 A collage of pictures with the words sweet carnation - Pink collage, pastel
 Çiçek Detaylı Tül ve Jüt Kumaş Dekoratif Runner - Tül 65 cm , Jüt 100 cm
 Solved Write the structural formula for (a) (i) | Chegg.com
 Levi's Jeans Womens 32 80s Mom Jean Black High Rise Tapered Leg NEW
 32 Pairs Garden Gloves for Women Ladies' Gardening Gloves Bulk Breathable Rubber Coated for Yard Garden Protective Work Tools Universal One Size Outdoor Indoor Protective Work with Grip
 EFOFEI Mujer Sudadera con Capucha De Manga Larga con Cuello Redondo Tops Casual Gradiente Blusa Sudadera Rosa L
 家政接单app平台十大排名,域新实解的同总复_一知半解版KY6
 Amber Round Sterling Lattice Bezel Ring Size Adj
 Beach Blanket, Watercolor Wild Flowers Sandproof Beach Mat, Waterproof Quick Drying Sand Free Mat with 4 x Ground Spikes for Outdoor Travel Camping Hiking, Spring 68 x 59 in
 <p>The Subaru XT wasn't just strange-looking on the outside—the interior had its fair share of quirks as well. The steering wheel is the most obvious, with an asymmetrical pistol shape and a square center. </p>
● ● ● ● ● ● ●
→ **WHAT THE TASK REQUIRES**:
All of the material above should be set down again, unaltered.

→ **ANSWER TO THIS TASK**:
 A collage of pictures with the words sweet carnation - Pink collage, pastel
 Çiçek Detaylı Tül ve Jüt Kumaş Dekoratif Runner - Tül 65 cm , Jüt 100 cm
 Solved Write the structural formula for (a) (i) | Chegg.com
 Levi's Jeans Womens 32 80s Mom Jean Black High Rise Tapered Leg NEW
 32 Pairs Garden Gloves for Women Ladies' Gardening Gloves Bulk Breathable Rubber Coated for Yard Garden Protective Work Tools Universal One Size Outdoor Indoor Protective Work with Grip
 EFOFEI Mujer Sudadera con Capucha De Manga Larga con Cuello Redondo Tops Casual Gradiente Blusa Sudadera Rosa L
 家政接单app平台十大排名,域新实解的同总复_一知半解版KY6
 Amber Round Sterling Lattice Bezel Ring Size Adj
 Beach Blanket, Watercolor Wild Flowers Sandproof Beach Mat, Waterproof Quick Drying Sand Free Mat with 4 x Ground Spikes for Outdoor Travel Camping Hiking, Spring 68 x 59 in
 <p>The Subaru XT wasn't just strange-looking on the outside—the interior had its fair share of quirks as well. The steering wheel is the most obvious, with an asymmetrical pistol shape and a square center. </p>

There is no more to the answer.